The affected programmes include both graduate and undergraduate courses, and the expiry period differs according to the academic institutions.
Presenting a statement on the validity of accredited academic programmes offered by NCHE, the State Minister for Higher Education, Hon. John Chrysostom Muyingo said the ‘expiry’ of accreditation, as reflected on the NCHE website, means that the programme needs re-assessment to establish whether the key aspects upon which accreditation was granted are still in place.
“Institutions with programmes requiring reassessment have been urged to submit them for reassessment as soon as possible, in any case by 30 November 2023,” he said.

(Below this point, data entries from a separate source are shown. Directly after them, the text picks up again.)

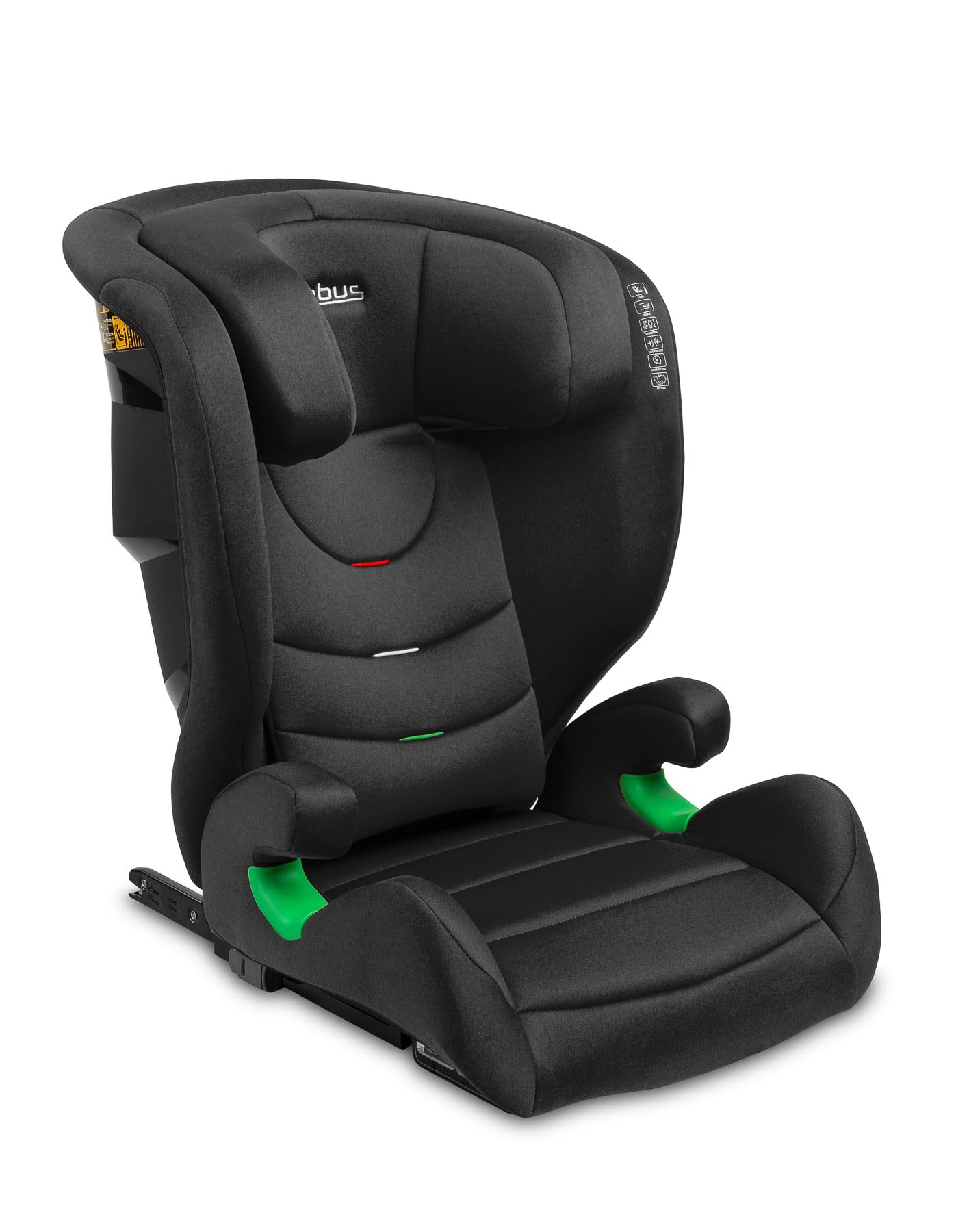 CARETERO Nimbus Kinderautositz für Babys mit einer Höhe von 100 bis 150 cm - iSize Standard und ECE R129 - ISOFIX System - Vorderer Einbau - 11-stufige Kopfstützenverstellung - Schwarz
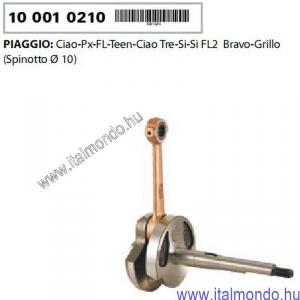 főtengely CIAO-BRAVO 10-es csapszeghez RMS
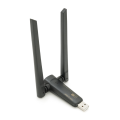 Бездротовий мережний адаптер Wi-Fi-USB Merlion LV-UAC21, RTL8811CU, з 2-ма антенами 10см, 802.11 a / b / g / n, 600MB, 2.4 GHz, Blister Q50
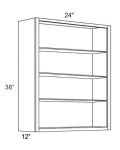 24x36 Wall Cabinet (No Doors) To Be Used With Glass Doors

Muyingo assured the public that the qualification of graduates on programmes that have received prior accreditation, in accordance with NCHE minimum standards and regulations are valid.
“In the process of programme review, some higher education institutions have found it necessary to delete from offer, merge, and/or improve the existing accredited programmes. The changes ought to be communicated to the NCHE for appropriate update of the programme database,” he said.
The Attorney General, Hon. Kiryowa Kiwanuka called for calm saying all courses are valid.
“The country needs to remain calm; there is no law that provides for expiry of courses. The courses are still valid. It was just a bad choice of word,” Kiryowa Kiwanuka said.
Kiboga District Woman Representative, Hon. Christine Kaaya faulted NCHE and university managers for failing to do their part.
“These universities in question advertise for enrollment, get tuition, teach students and even publish the graduation list when you know the course is already expired. I put much blame on the responsible officers in universities,” Kaaya said.
Bugiri Municipality MP, Hon. Asuman Basalirwa said that once a programme has been accredited and the university has a charter, the idea of periodical reassessment, ‘becomes superfluous’.